* [Problem details] With the pictures left out, transcribe exactly the lines from the one with "Беспроводное зарядное устройство" through the end of the data.

Short descriptive text snippets:
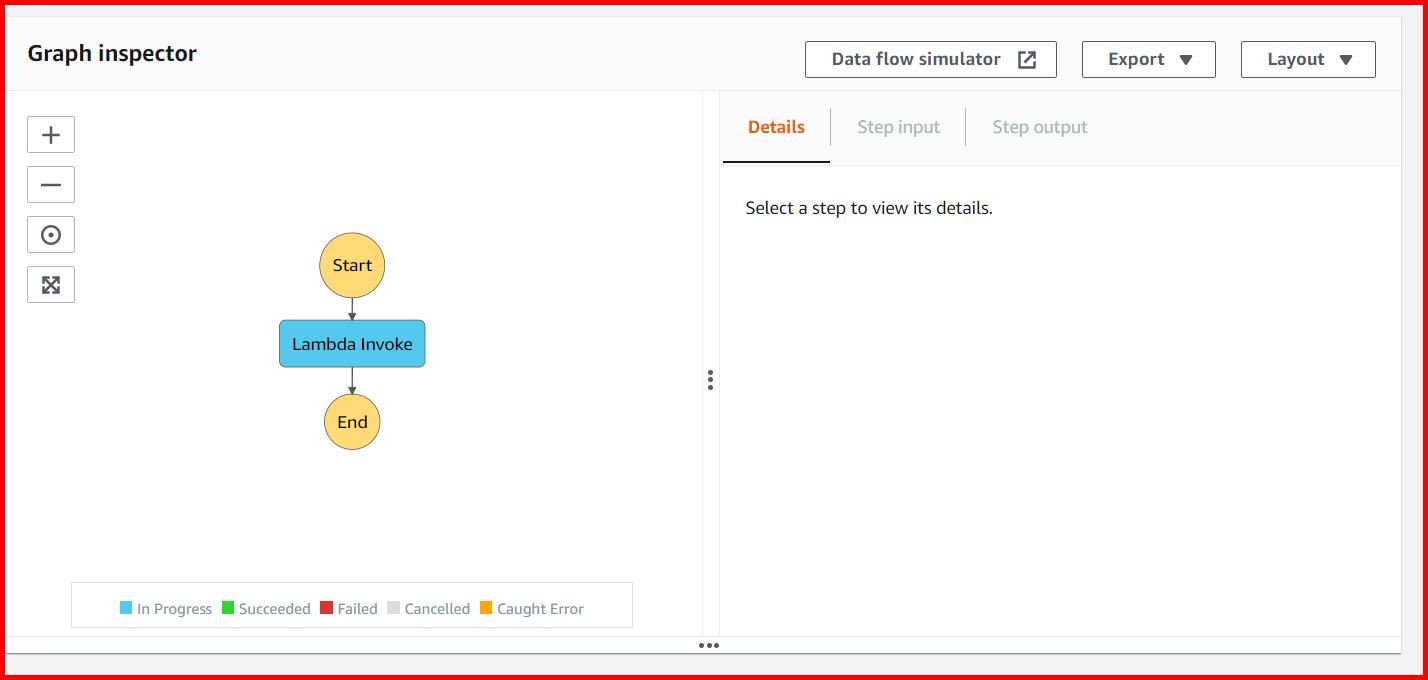 Picture showing the execution starts for the step function
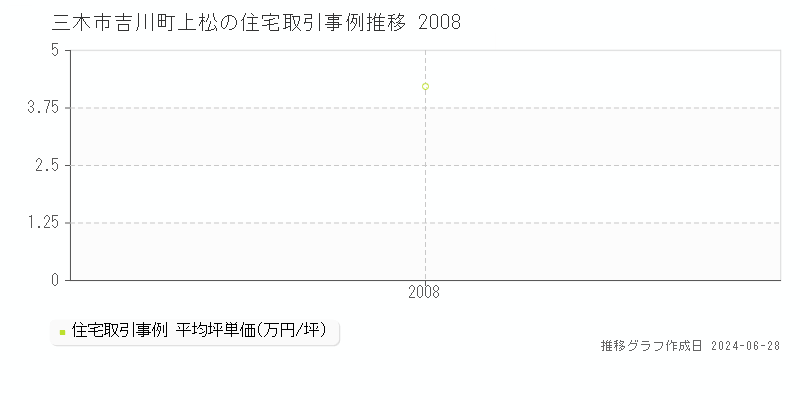 三木市吉川町上松の住宅取引事例推移グラフ 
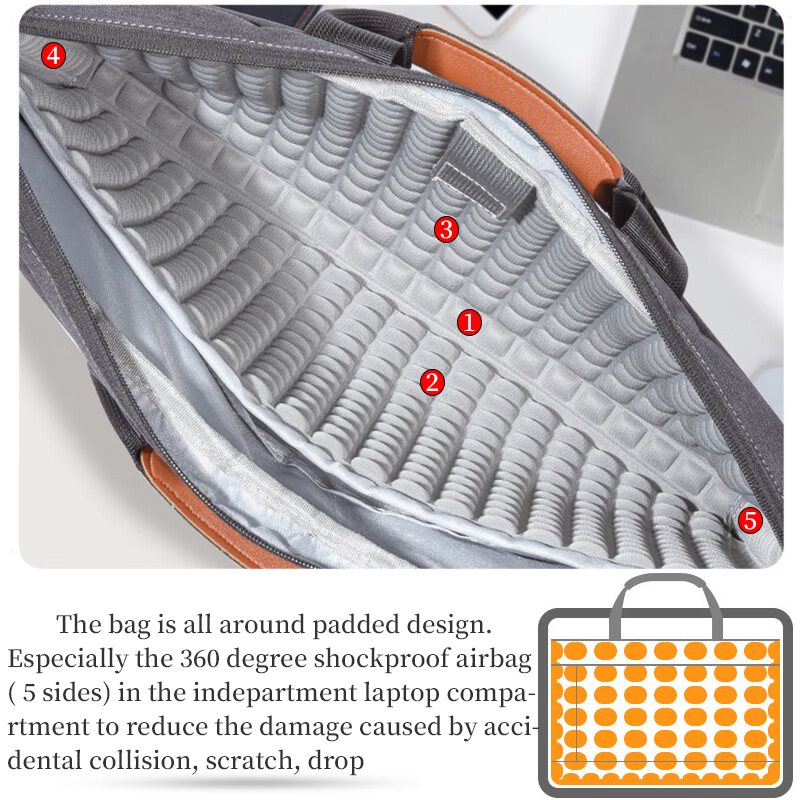 Laptop Bag 15.6 Inch Messenger - Structured Handbag Work 评论和价格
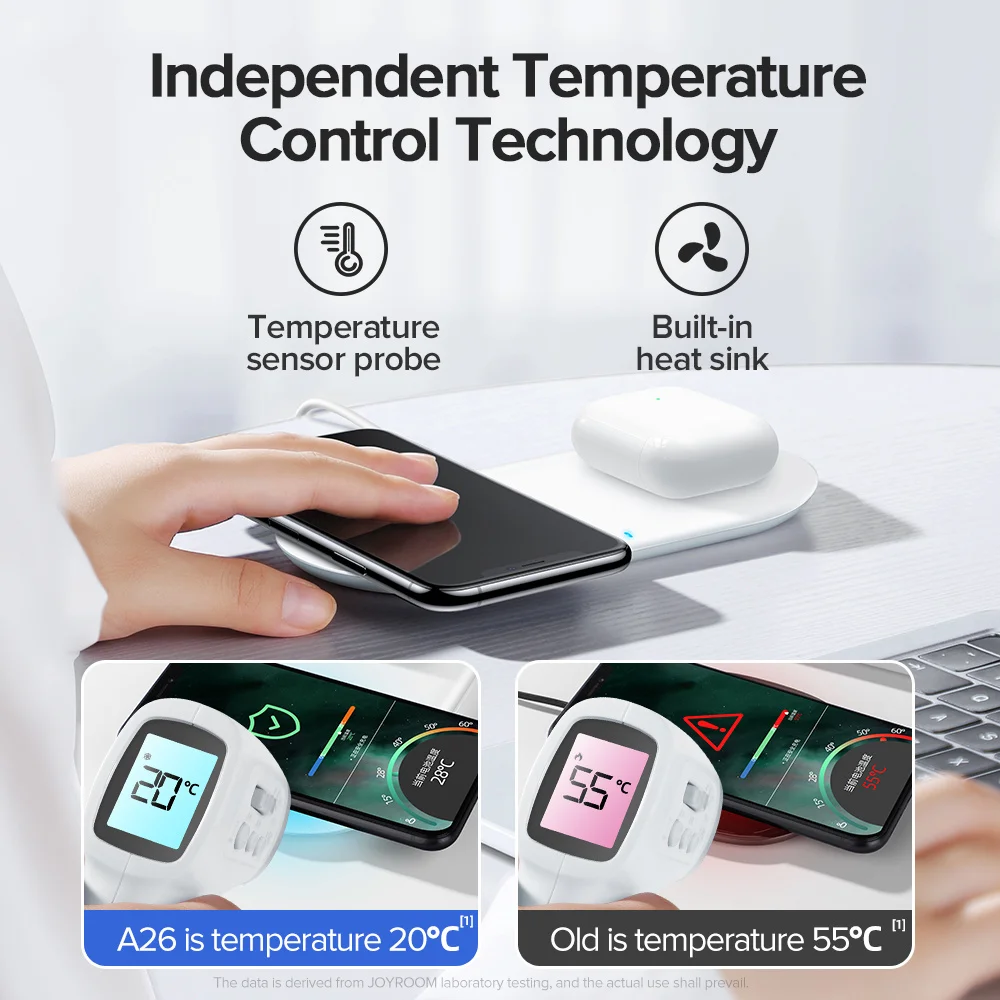 Беспроводное зарядное устройство 2-в-1 Qi 15 Вт для Samsung S20 S10 двойные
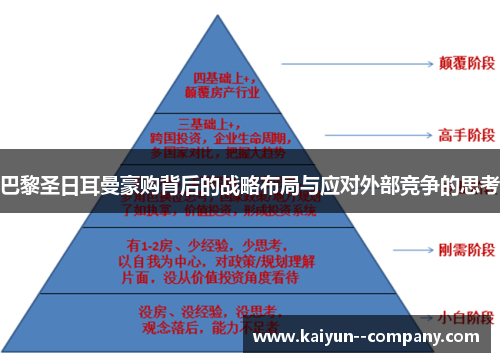 巴黎圣日耳曼豪购背后的战略布局与应对外部竞争的思考
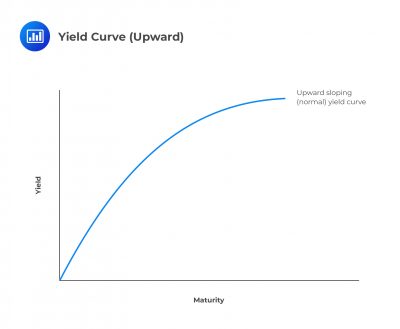 Spot, Forward, and Par Rates | AnalystPrep - FRM Part 1 Study Notes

* [Task output]
 Беспроводное зарядное устройство 2-в-1 Qi 15 Вт для Samsung S20 S10 двойные
 巴黎圣日耳曼豪购背后的战略布局与应对外部竞争的思考
 Spot, Forward, and Par Rates | AnalystPrep - FRM Part 1 Study Notes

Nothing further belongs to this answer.